* _Data shown_:
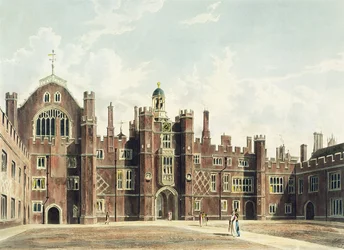 A Hampton Court palota négyszögének látképe Pyne "Royal Residences" című, Thomas Sutherland (sz.1785 körül) által metszett és 1819-ben kiadott művéből.
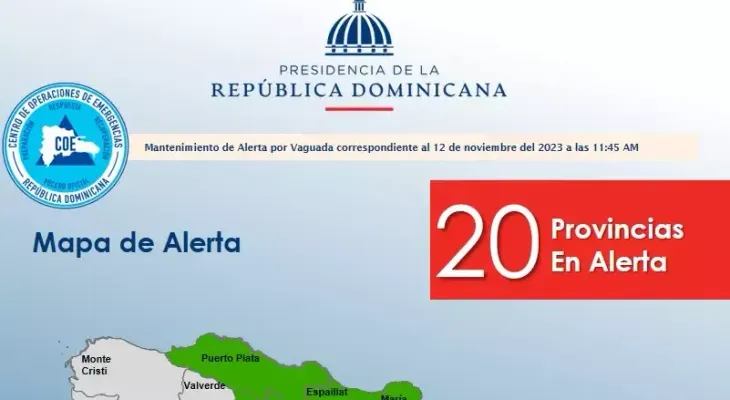 El COE emite alerta para 20 provincias por vaguada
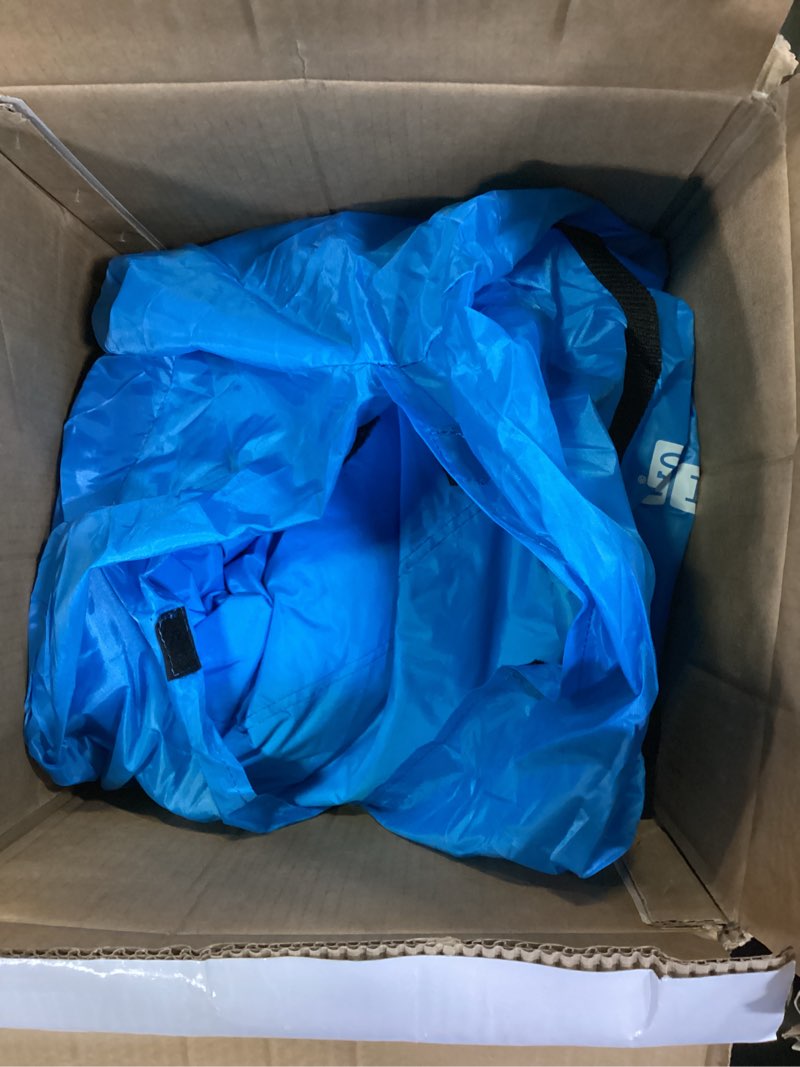 Condition photo showing As Is for [upgrade version] picasso toys kc102 12x10 foot inflatable bouncer jumping bouncing house, jump slide, dunk playhouse w/ basketball rim, 4 sports balls, full-size entry, 580w etl certified blower bounce house102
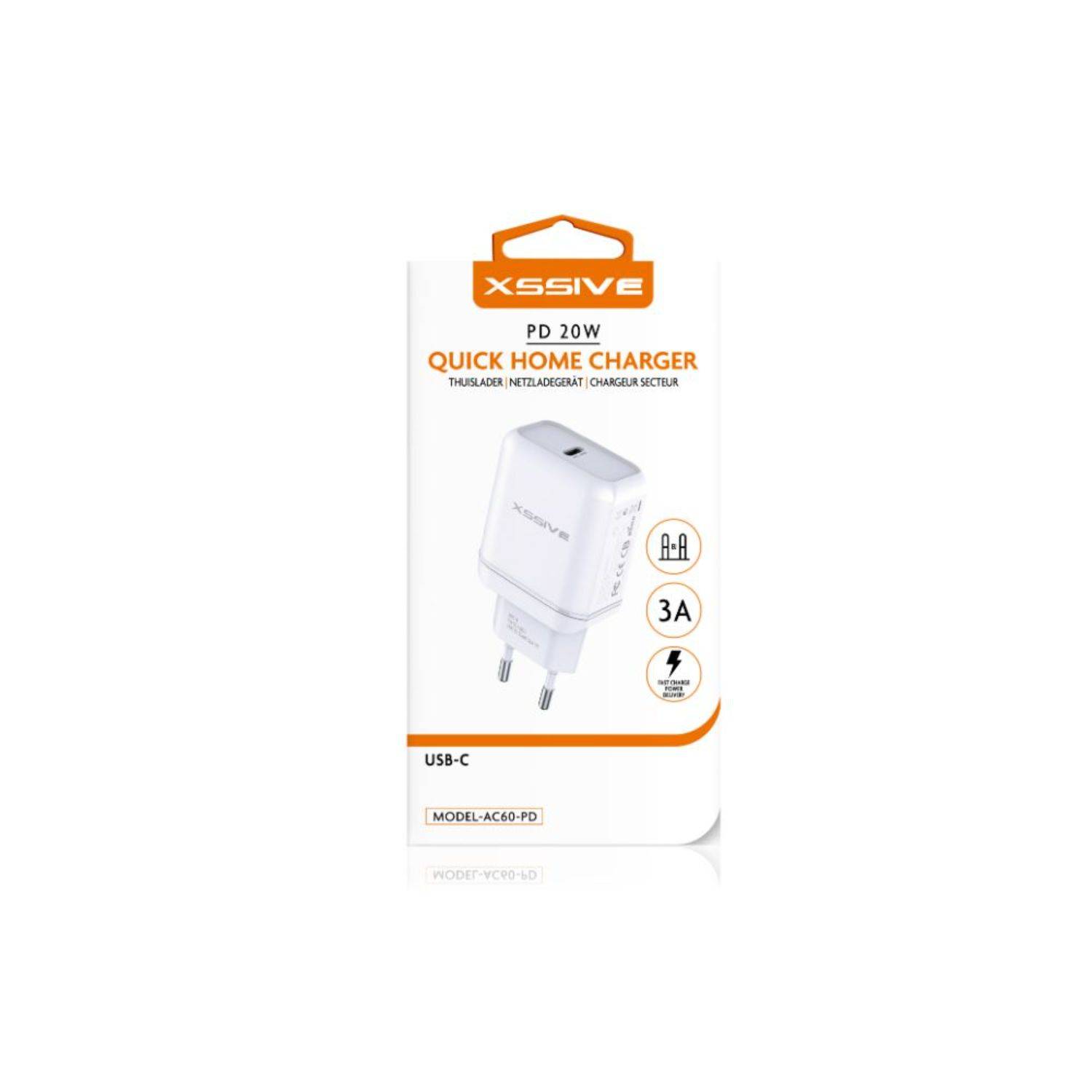 PD 20W Quick Home Charger USB-C Schnell-Ladegerät weiß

* _Work instruction_:
The finished copy should match the data above word for word and contain no pictures.

* _Written solution_:
 A Hampton Court palota négyszögének látképe Pyne "Royal Residences" című, Thomas Sutherland (sz.1785 körül) által metszett és 1819-ben kiadott művéből.
 El COE emite alerta para 20 provincias por vaguada
 Condition photo showing As Is for [upgrade version] picasso toys kc102 12x10 foot inflatable bouncer jumping bouncing house, jump slide, dunk playhouse w/ basketball rim, 4 sports balls, full-size entry, 580w etl certified blower bounce house102
 PD 20W Quick Home Charger USB-C Schnell-Ladegerät weiß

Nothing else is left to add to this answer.